The leader of the Strengthen the Shield slate that is opposing Patrick J. Lynch for re-election to a fifth term as president of the Patrolmen’s Benevolent Association last week released the slate’s solution to an inequity in disability pensions that currently leaves officers hired since 2010 with as little as $27 per day if an on-the-job injury keeps them from returning to work.

Mr. Lynch and a key state legislator say the plan offered by PBA Brooklyn North Trustee Brian Fusco is unworkable. They say the more-generous pension benefits should simply be extended to all officers.

Started With 2009 Veto

The problem arose from then-Gov. David Paterson’s decision in 2009 to veto a bill, passed routinely since 1976, that allowed police officers and firefighters to remain under Tier 2 of the pension system while other new public workers were placed under what is now Tier 4.

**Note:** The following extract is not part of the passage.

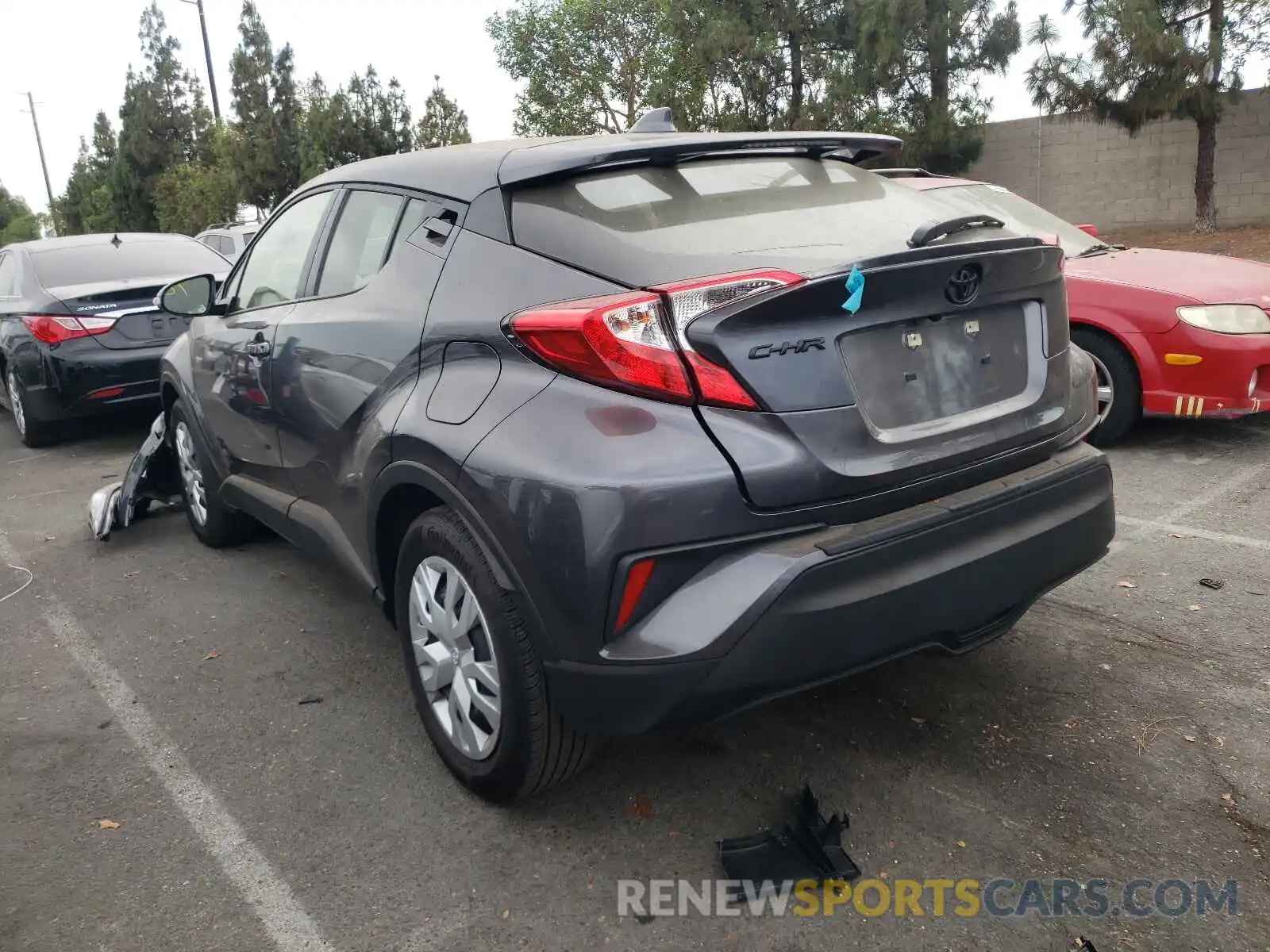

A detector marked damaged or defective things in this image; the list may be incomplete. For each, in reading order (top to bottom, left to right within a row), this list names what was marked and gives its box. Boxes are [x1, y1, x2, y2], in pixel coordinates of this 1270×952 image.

Tier 2 provides a line-of-duty disability pension equal to 75 percent of the salary for an employee’s final three years on the job that is free of state and city taxes. However, Tier 3, where police officers and firefighters hired beginning in 2010 wound up, provides only 50 percent of final average salary, subject to those taxes. It also requires that Social Security disability benefits be deducted from the pension.

Police and fire unions have been lobbying to equalize line-of-duty disability benefits for all members.

Mr. Fusco proposed a three-part solution Feb. 25. First, he said, the State Legislature should pass legislation that would allow police officers to choose whether to be covered under Tier 3 or Tier 6, which he said has higher contribution rates but provides a disability pension similar to the one under Tier 2.

The Legislature would also need to pass a “heart bill”—which presumes that any heart ailment is duty-related—that enables police officers to receive the same benefits as Tier 2. “Currently, Tier 2 officers have a heart bill that is strong, while Tier 3 has no heart bill and Tier 6 has an inadequate heart bill,” according to an announcement issued by STS.

Pension-Loan Push

Finally, Mr. Fusco said, the Legislature must approve a bill allowing officers in Tier 3 and Tier 6 to take out a pension loan to protect their families from financial hardship in the event of their death.

“Moving from Tier 3 to Tier 6 may not be right for every member, but the current disability and pension components of Tier 3 are so bad that all members should have the option to move to a different tier,” he said in a press release. “This is the first step in the effort to fix problems that have lingered unresolved for six years.”

“The Tier 3 members really are eager to get this taken care of,” Mr. Fusco said in an interview Feb. 26 after visiting Albany to lobby legislators. “They know if they get hurt they’ll be left with basically nothing.”

He said he presented lawmakers with petitions containing 400 signatures from six or seven commands he and his slate visited Feb. 25. “I think we got the message out,” Mr. Fusco said, adding that more visits to Albany are a possibility.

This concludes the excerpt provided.